I yawn at her, hugely, eyes closing. “Something I probably can’t do again, but might not need to. It’s all good.” I bury my face into the softness of the cloth covering her shoulder, wrapping my arms around her chest. I can feel the furnace-warmth of her body heat through the probably-cotton of her shirt, and my smile gets just that little bit wider. “Mmm. Tired. You’re… great.” It’s all I can do to avoid slurring the words as they slowly find their way out of me. “How long?”
“Five times the passing of an hour, Magelord. We have long since induced this space to provide us with a door, as you did in what was once my own domain; in comfort, we two supped and delved into our rewards while you labored, though our Miss Evetheri declined to leave your side.”

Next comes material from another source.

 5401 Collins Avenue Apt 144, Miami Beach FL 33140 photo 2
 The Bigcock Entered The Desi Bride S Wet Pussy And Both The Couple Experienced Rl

“Not our,” I say, prying my face off Amber’s shoulder. I focus, in that strange way I learned as a child, on pushing the tiredness just a little bit away. My father always used to liken it to a curtain left halfway closed, but to me it’s always more like a heavy cloak; instead of pulling it around myself as a blanket and curling up in its comfort, I swirl it around my shoulders and let it drift around me. The sleepiness dims just enough that I can think straight, and I look around. “Sara’s her own person. That’s what I did. I did that.” My brain is still muzzy enough to find that hilarious, and I barely avoid starting a round of laughter that I suspect would be difficult to stop. “It’s the spoon time for me, you know. Just so you know.”
“Spoon… time?”
“Yeah. You know, when you’re tired enough that everything is just so funny. When, like, someone can just say… spoon.” I start laughing softly. “And it’s funny. Spoon!”
“Is that so, my lord?” I tilt my head upwards to look into Amber’s eyes, Amber’s amber eyes, and that almost cracks me up. “I can just say… spoon?”

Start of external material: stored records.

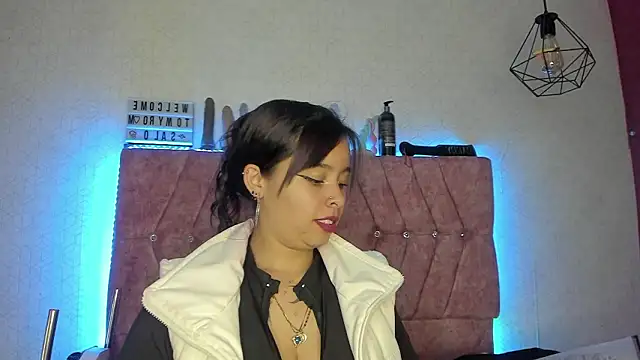 Mia lopez 1 online show from March 22, 2026, 12:58 am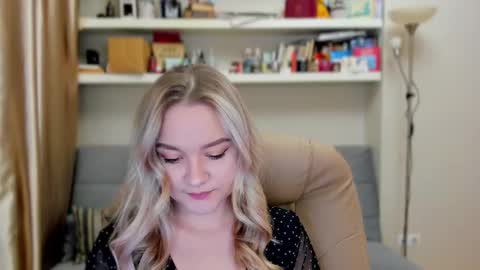 Snapshot of kara_smith_ chatting on 10/31/25, 11:17 Kara. Off from 15th till 24th of December online show from 10/31/25, 11:17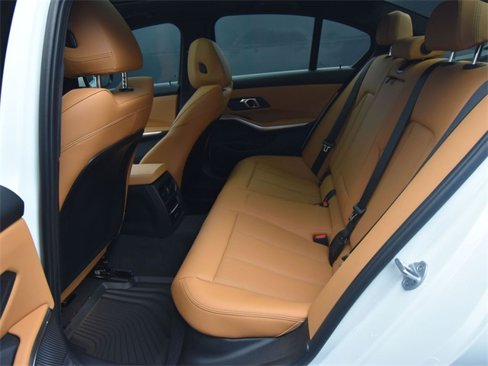 New 2024 BMW 330i Sedan w/ Convenience Package image 7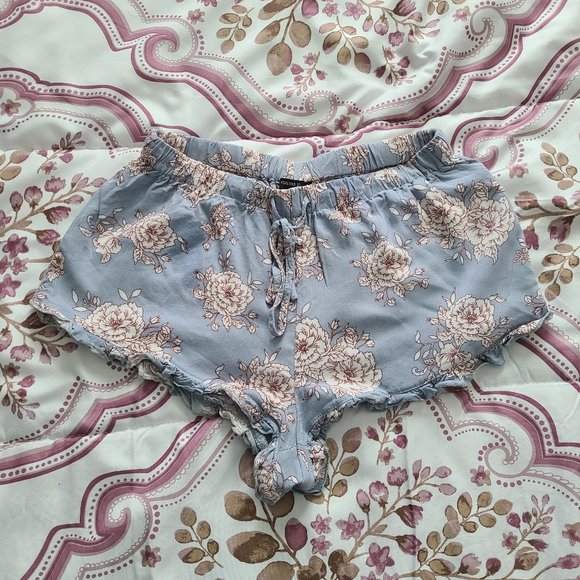 Forever21 Floral Pajama Shorts - Picture 2 of 14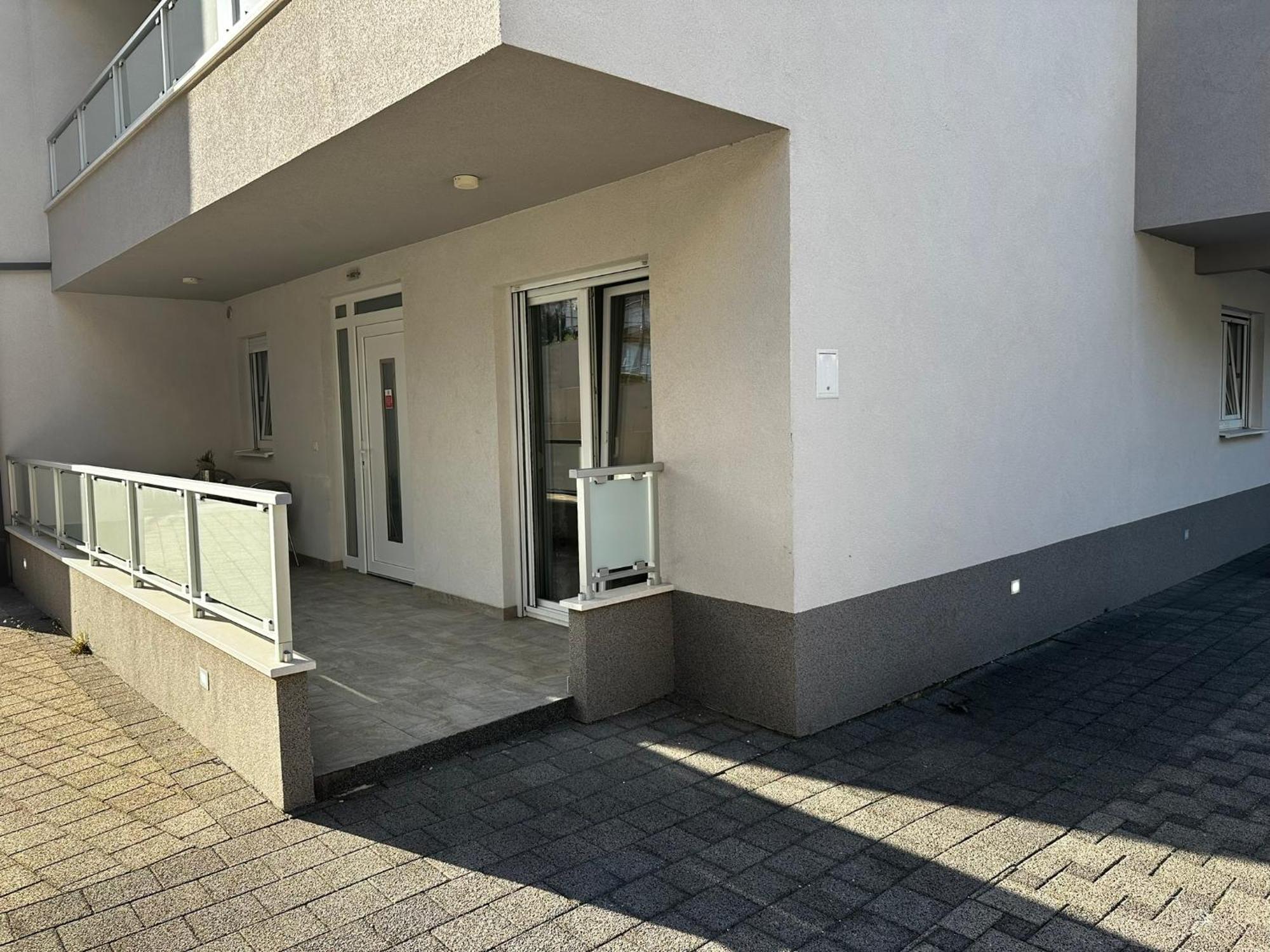 פרומאינה Apartments Danica מראה חיצוני תמונה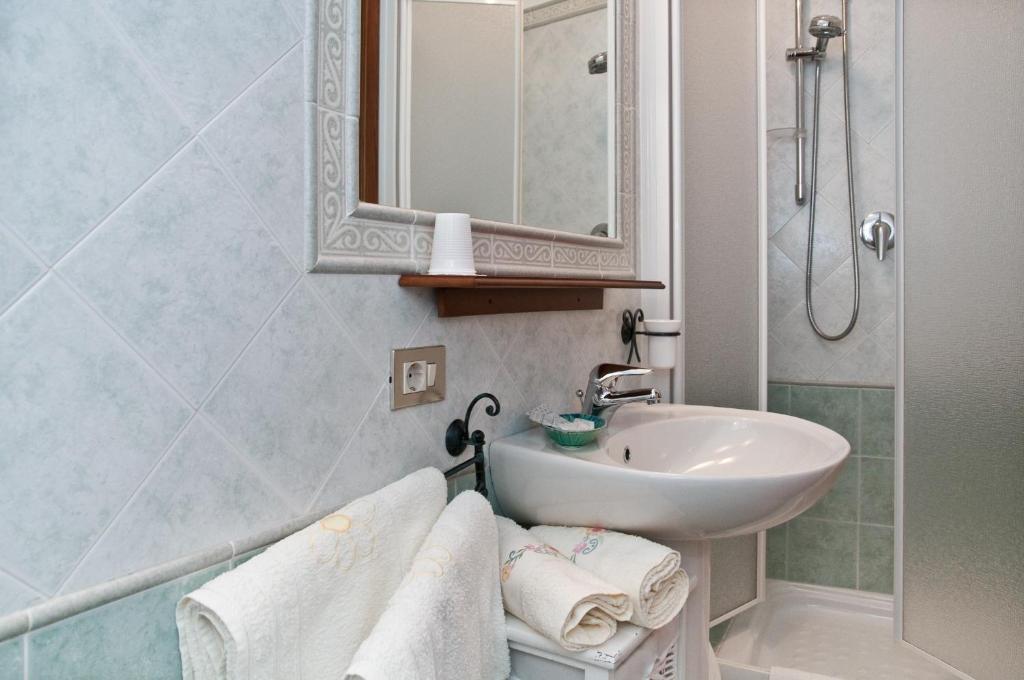 Bed&Breakfast Chiara Olbia Bilik gambar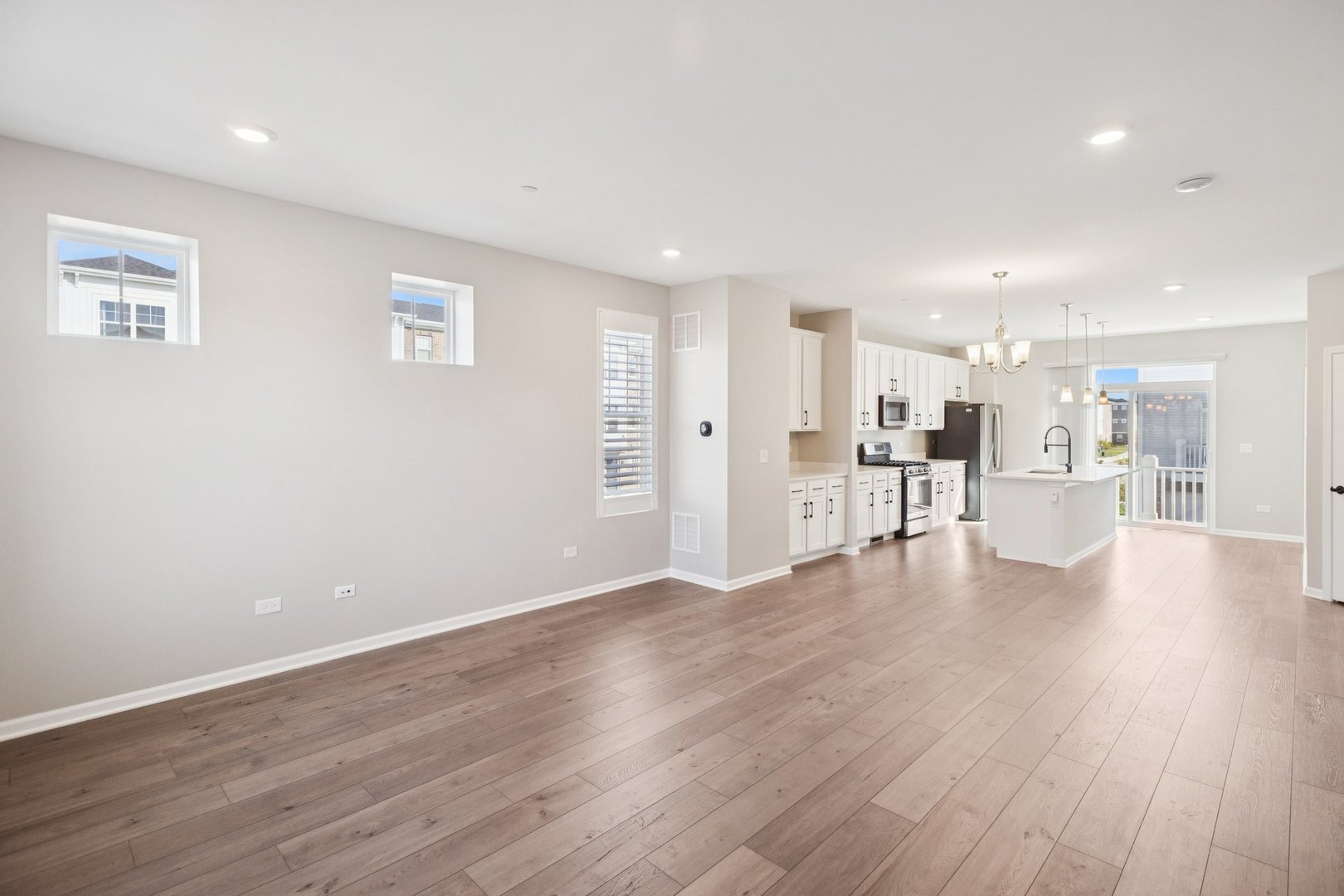 1533 Executive Way, Des Plaines, IL 60018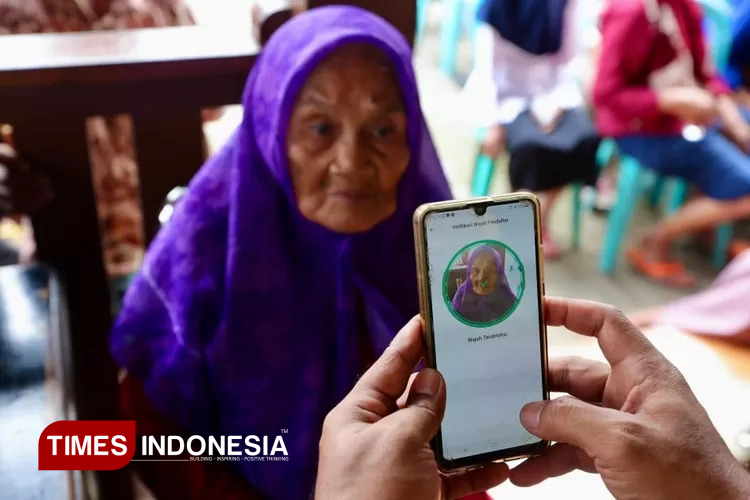 Salah satu warga Banyuwangi mendaftarkan diri Bansos digital. (FOTO: Dok. TIMES Indonesia)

It’s my undoing and my unraveling. I laugh, hanging onto Amber’s side as she stands there like the pillar she is, feeling Zidanya’s arms around me. I laugh, feeling the project-success mania rise and sweep me away, laughing until tears are flowing down my cheeks to soak into Amber’s shirt. I laugh until my chest hurts and my breath comes with difficulty, and finally I gather myself and force myself to breathe steadily and slowly, letting the laughter drain away.

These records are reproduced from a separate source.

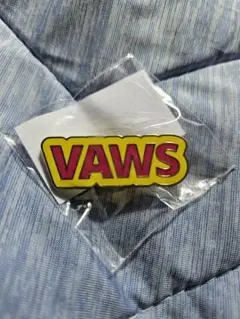 Vaundy VAWS Logo pochette リストバンド ピンバッジ Vaundy VAWS Logo pochette リストバンド ピンバッジ - メルカリ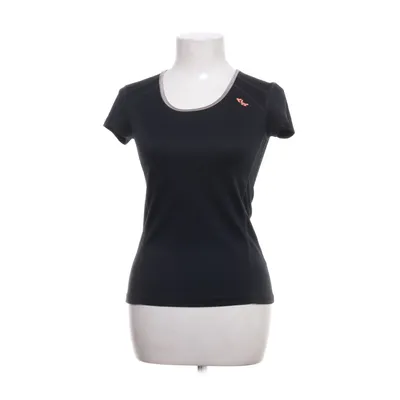 Träningstopp (CORI TEE) från Röhnisch Polyester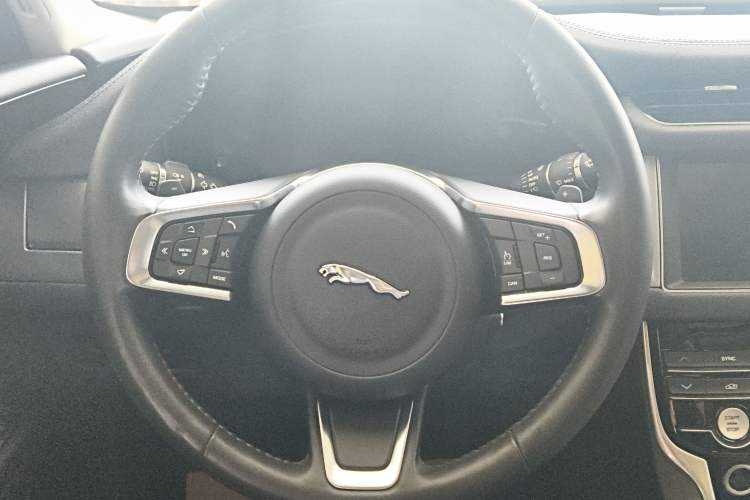 Used Jaguar XFL 2020 XFL 2.0T P200 Two-Wheel-Drive Elite Edition
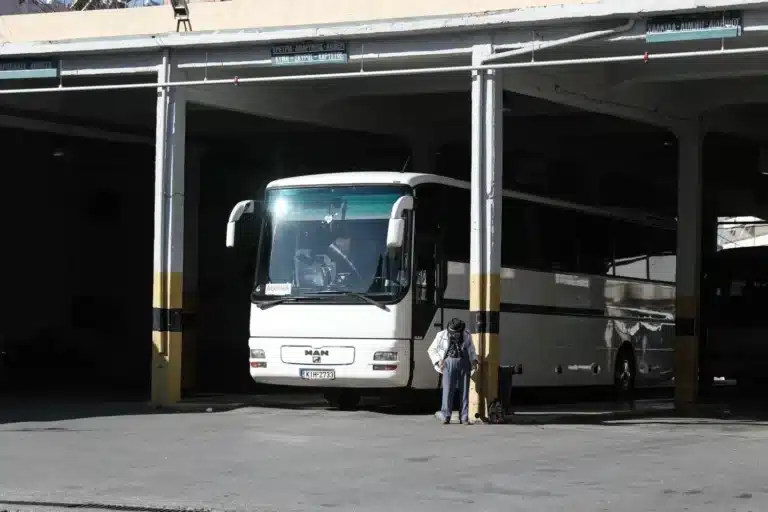 ΕΚΤΑΚΤΟ: Λεωφορείο του ΚΤΕΛ παρέσυρε πεζή – Νοσηλεύεται σε κρίσιμη κατάσταση!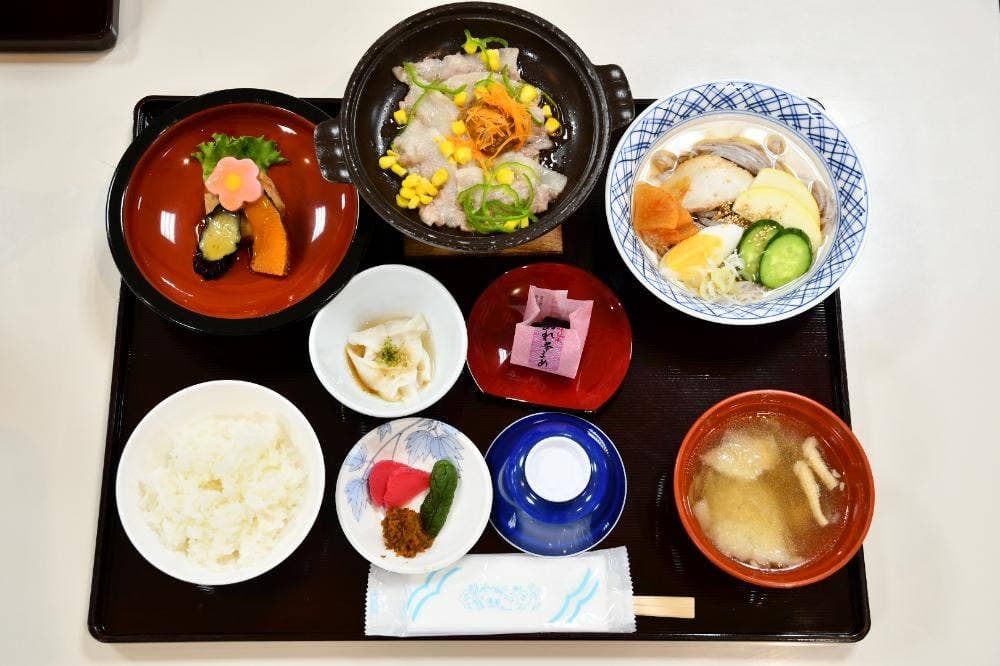 レストラン清衡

Right, Amber’s wearing a shirt. There must be no danger here; just the aftermath of our victory, and the floral smell of whatever Amber used when she showered mixed with whatever volatile organic compounds make up the smell of her, a smell I’m already fond of and am looking forward to growing moreso. I want to close my eyes and wrap my arms around her, running my hands under her shirt to work their way up her stomach to under her breasts, and fall asleep leaning against her with Zidanya’s arms around me; instead, with extreme reluctance, I let go of her, kissing her once where her jaw meets her neck and once on the lips as she turns to face me, and turn to the others.
“Zidanya.”
“Magelord.”
I look her over, then look her over again, grinning. “You look better. You were very impressive.”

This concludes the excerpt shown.